Whats jokes
What does it say on Stephen Hawking's headstone?
R. I. P. Roll in Peace.
What Stephen Hawking doesn't know about wheelchairs isn't worth knowing.
What is Stephen Hawking's favorite football anthem?
You'll Never Walk Alone.
What did Stephen Hawking say when he rode a bike?
"Hey look...no hands...or legs!"
What's the difference between Stephen Hawking and his wheelchair?
At least his wheelchair can pull a woman.
I went home and I saw my friend kissing my sister. I said, "What’s going on?" They both told me that they’re going out with each other. I said, "Alright."
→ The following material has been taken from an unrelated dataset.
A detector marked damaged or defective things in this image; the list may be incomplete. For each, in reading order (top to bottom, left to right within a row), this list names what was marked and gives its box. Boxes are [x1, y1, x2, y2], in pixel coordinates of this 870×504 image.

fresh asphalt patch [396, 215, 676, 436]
The next morning, I see my friend kissing my mom. I said, "What’s going here?" They both told me they’re going out with each other. Then my friend said to me, "I gave you 3 gifts. 1 gift, I’m your best friend. 2 gift, I’m your new brother-in-law. 3 gift, I’m your new stepfather." I felt so happy I had a friend that [is] looking out for me.
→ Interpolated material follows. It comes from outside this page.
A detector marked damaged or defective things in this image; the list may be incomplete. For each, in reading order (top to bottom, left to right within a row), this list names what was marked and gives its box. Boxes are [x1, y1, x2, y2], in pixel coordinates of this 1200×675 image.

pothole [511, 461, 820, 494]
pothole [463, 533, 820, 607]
What was Stephen Hawking's favorite line in Rambo?
"Don't push me."
What does E.T. stand for? Because he has little legs.
What does S.H. stand for? He doesn't.
What does S.H. stand for? Shit happens.
What color is Stephen Hawking's house?
It's a bungalow.
What does Stephen Hawking and a prostitute have in common?
They both charge.
I found a rock at the park. I threw it at some orphans.
What would they do? Go to their family?
What types of erections do skeletons have? Boners.
What do you call a cow with no legs?
Grounded beef.
Q: What did the cannibal do after he dumped his girlfriend?
A: He wiped his ass.
Q: What does a slice of pizza and an F grade have in common?
A: They're both cheesy.
What's white on top and black on the bottom? Society.
What do you call an Indian plane that comes back?
A Boomerang.
What would be the most heartbreaking scene in a dementia film? I forgor 💀.
What’s the worst song to play in front of a vegetable? “James Brown - Get on Up”
What’s the worst song to play in front of a handicapped kid? “Van Halen - Jump”
What's the worst song to play in front of a black man in Minneapolis? “I Can't Breathe - Juice Wrld”
What does a bad friend give a blind kid for his birthday?
Give him a gun and tell him it's a hairdryer.